If a person found documents assessing one’s property (for use as collateral), committing to support one’s step-daughter, for chalitzah (dissolving the bond of levirate marriage) or for a minor girl refusing an arranged marriage, appointing arbitrators or detailing any court action – in all of these cases, one should return them to the party named therein (because there is no potential negative repercussion to doing so). If one found documents of any kind in a briefcase, or rolled or tied together, he should return them. A batch of documents is defined as three that are fastened to one another. Rabban Shimon ben Gamliel says that if three documents refer to the same borrower and different lenders, they should be returned to the borrower; if they refer to the same lender and different borrowers, they should be returned to the lender. If a person found a document among his own papers and he doesn’t know what it is or how he acquired it, it should be retained indefinitely for Elijah to eventually resolve.
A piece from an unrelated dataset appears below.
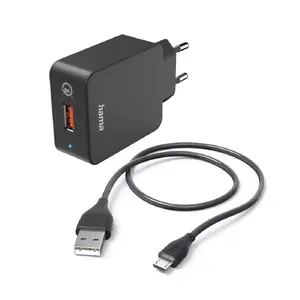Сетевой зарядное устройство Hama 00201621 Черный Быстрая зарядка 12V 1.5м кабель
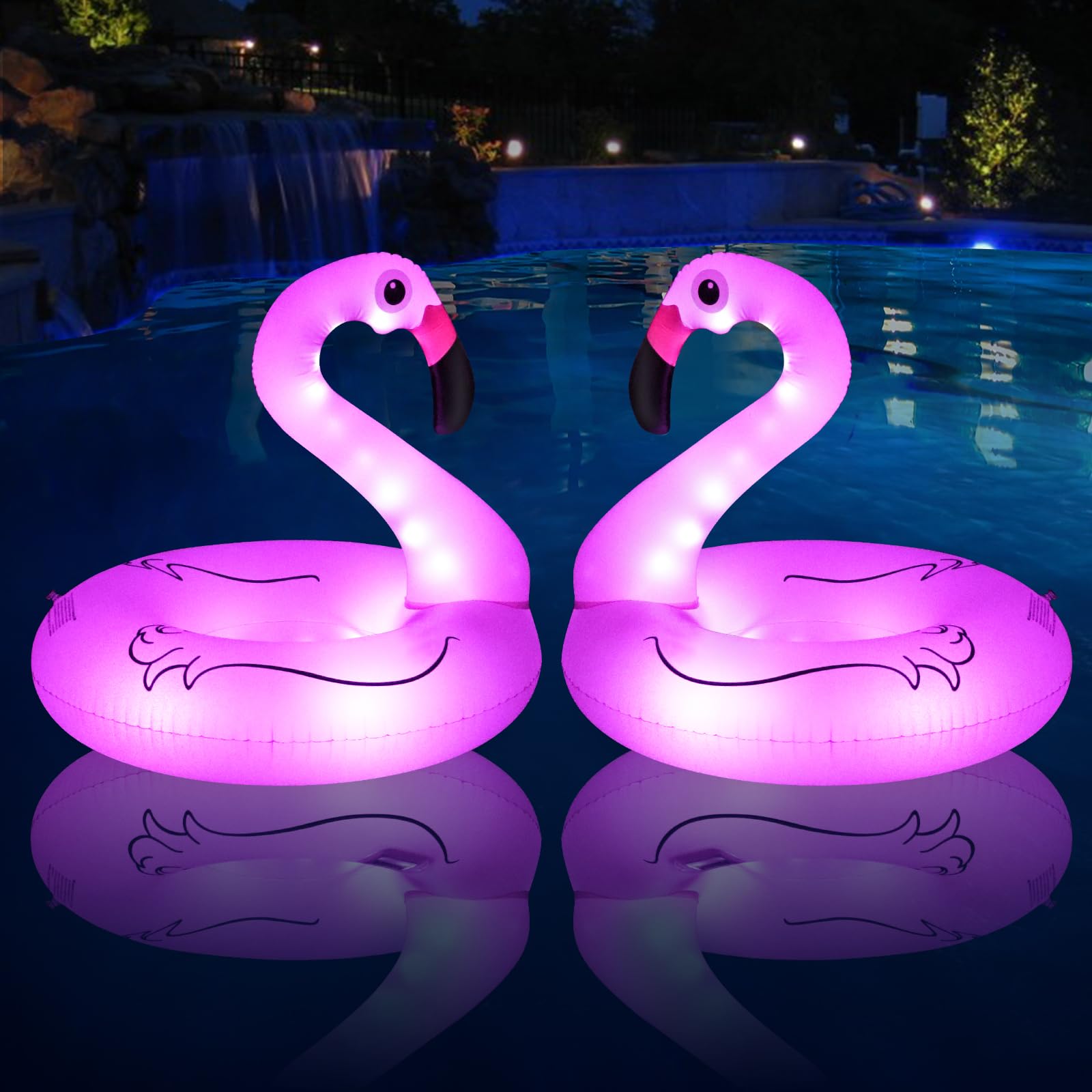 Photo 1 of FlyfreeU Flamingo Inflatable Pool Floats with Lights, Solar Flamingo Pool Floats for Adults, 42 Inch Pool Float Lake Beach Floaty, Swimming Pool Float Raft Lounge for Adults Party Water Fun(2)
If there are documents canceling debts among them, he must honor them.

Baba Metzia 2:1

Some lost objects may be kept by the finder and others must be announced. Things that one may keep include scattered fruit or coins, sheaves of grain in the public domain, cakes of figs, loaves from a baker, strings of fish, pieces of meat, wool as it is freshly-sheared from the sheep, bunches of flax and strips of purple wool; this is Rabbi Meir’s opinion. Rabbi Yehuda says that anything with an identifiable characteristic must be announced. For example, if a person found a cake of figs with a piece of pottery in it or a loaf of bread with some coins baked in, he must announce it. Rabbi Shimon ben Elazar says that brand-new (i.e., unused) utensils need not be announced (because their owners will not yet be able to identify them).